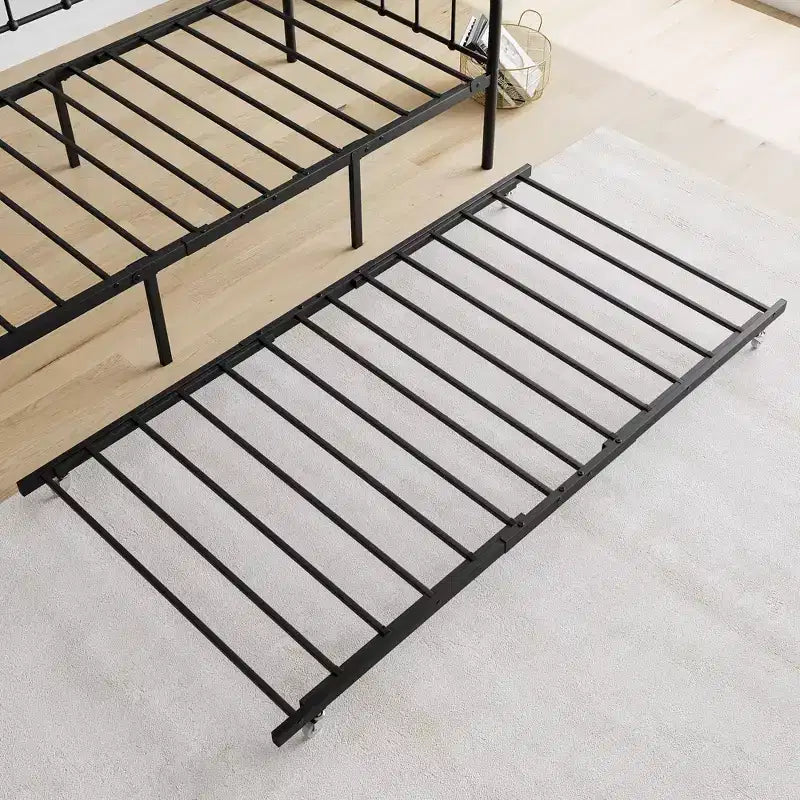 MAYEERTY Struttura per letto a giorno in metallo a una piazza e mezza con letto estraibile, Piattaforma divano letto resistente, Nessuna molla richiesta, Nero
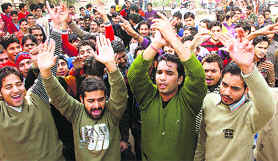 Activists of the JJSF protest in Jammu on Friday.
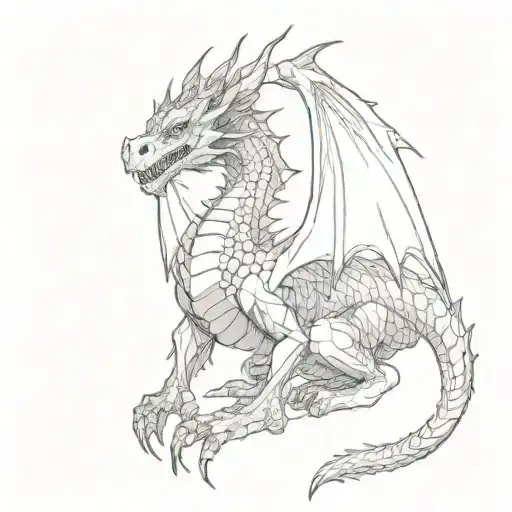 a dragon  facing front with its wings out tattoo design idea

- **WORK REQUEST**:
In your answer, give every line of the listing above exactly, and do not include the images.

- **EXERCISE ANSWER**:
 MAYEERTY Struttura per letto a giorno in metallo a una piazza e mezza con letto estraibile, Piattaforma divano letto resistente, Nessuna molla richiesta, Nero
 Activists of the JJSF protest in Jammu on Friday.
 a dragon  facing front with its wings out tattoo design idea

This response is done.